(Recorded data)
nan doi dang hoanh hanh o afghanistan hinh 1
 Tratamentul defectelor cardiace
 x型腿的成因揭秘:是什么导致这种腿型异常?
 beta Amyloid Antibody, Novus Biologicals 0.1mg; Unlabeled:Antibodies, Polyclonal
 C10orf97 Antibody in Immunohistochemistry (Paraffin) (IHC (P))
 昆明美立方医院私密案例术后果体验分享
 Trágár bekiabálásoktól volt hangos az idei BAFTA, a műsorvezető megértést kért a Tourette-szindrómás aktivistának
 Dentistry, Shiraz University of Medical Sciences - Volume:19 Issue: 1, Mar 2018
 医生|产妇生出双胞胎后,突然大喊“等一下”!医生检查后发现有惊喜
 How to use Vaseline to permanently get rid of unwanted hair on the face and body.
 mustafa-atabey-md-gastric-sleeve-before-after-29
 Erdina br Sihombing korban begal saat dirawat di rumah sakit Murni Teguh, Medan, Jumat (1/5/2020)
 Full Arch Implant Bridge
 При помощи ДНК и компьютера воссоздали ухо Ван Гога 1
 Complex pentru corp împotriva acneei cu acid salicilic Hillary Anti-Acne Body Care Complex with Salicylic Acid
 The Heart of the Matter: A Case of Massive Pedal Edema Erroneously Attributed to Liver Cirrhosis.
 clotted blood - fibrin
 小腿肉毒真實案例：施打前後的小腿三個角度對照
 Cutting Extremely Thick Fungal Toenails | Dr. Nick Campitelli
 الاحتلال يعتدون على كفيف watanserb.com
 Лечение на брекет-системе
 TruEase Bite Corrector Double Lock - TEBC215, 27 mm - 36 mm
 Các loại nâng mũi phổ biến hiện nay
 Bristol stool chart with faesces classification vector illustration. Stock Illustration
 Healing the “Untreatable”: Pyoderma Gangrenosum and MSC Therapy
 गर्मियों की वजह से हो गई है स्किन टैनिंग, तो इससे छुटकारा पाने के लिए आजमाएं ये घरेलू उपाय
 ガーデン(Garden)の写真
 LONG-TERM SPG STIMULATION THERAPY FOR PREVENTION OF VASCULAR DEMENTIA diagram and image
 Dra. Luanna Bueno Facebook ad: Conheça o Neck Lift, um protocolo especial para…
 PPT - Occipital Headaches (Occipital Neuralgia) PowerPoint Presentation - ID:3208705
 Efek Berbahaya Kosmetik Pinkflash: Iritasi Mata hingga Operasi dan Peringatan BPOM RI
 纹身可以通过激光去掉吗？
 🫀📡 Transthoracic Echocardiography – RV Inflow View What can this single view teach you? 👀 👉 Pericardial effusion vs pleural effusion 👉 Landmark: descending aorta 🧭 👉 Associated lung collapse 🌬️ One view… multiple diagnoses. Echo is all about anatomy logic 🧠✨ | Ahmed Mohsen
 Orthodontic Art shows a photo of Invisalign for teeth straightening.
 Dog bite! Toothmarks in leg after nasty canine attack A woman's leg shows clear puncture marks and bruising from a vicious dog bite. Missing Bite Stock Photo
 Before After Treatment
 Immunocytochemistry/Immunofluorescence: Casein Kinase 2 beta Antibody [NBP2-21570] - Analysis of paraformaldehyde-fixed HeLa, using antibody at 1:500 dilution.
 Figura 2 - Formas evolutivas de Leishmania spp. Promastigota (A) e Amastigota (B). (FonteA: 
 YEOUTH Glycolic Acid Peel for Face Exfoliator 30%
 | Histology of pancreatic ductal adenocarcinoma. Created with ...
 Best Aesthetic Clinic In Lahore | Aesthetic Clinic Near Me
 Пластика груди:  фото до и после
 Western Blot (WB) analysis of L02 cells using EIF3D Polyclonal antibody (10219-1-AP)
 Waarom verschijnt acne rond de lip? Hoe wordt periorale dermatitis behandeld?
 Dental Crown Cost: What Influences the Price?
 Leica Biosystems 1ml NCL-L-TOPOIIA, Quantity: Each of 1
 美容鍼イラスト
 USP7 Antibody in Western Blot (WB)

Task instructions: The response must consist solely of the lines from the top of the records through the line holding "ガーデン(Garden)の写真", copied word for word.

Response below:
nan doi dang hoanh hanh o afghanistan hinh 1
 Tratamentul defectelor cardiace
 x型腿的成因揭秘:是什么导致这种腿型异常?
 beta Amyloid Antibody, Novus Biologicals 0.1mg; Unlabeled:Antibodies, Polyclonal
 C10orf97 Antibody in Immunohistochemistry (Paraffin) (IHC (P))
 昆明美立方医院私密案例术后果体验分享
 Trágár bekiabálásoktól volt hangos az idei BAFTA, a műsorvezető megértést kért a Tourette-szindrómás aktivistának
 Dentistry, Shiraz University of Medical Sciences - Volume:19 Issue: 1, Mar 2018
 医生|产妇生出双胞胎后,突然大喊“等一下”!医生检查后发现有惊喜
 How to use Vaseline to permanently get rid of unwanted hair on the face and body.
 mustafa-atabey-md-gastric-sleeve-before-after-29
 Erdina br Sihombing korban begal saat dirawat di rumah sakit Murni Teguh, Medan, Jumat (1/5/2020)
 Full Arch Implant Bridge
 При помощи ДНК и компьютера воссоздали ухо Ван Гога 1
 Complex pentru corp împotriva acneei cu acid salicilic Hillary Anti-Acne Body Care Complex with Salicylic Acid
 The Heart of the Matter: A Case of Massive Pedal Edema Erroneously Attributed to Liver Cirrhosis.
 clotted blood - fibrin
 小腿肉毒真實案例：施打前後的小腿三個角度對照
 Cutting Extremely Thick Fungal Toenails | Dr. Nick Campitelli
 الاحتلال يعتدون على كفيف watanserb.com
 Лечение на брекет-системе
 TruEase Bite Corrector Double Lock - TEBC215, 27 mm - 36 mm
 Các loại nâng mũi phổ biến hiện nay
 Bristol stool chart with faesces classification vector illustration. Stock Illustration
 Healing the “Untreatable”: Pyoderma Gangrenosum and MSC Therapy
 गर्मियों की वजह से हो गई है स्किन टैनिंग, तो इससे छुटकारा पाने के लिए आजमाएं ये घरेलू उपाय
 ガーデン(Garden)の写真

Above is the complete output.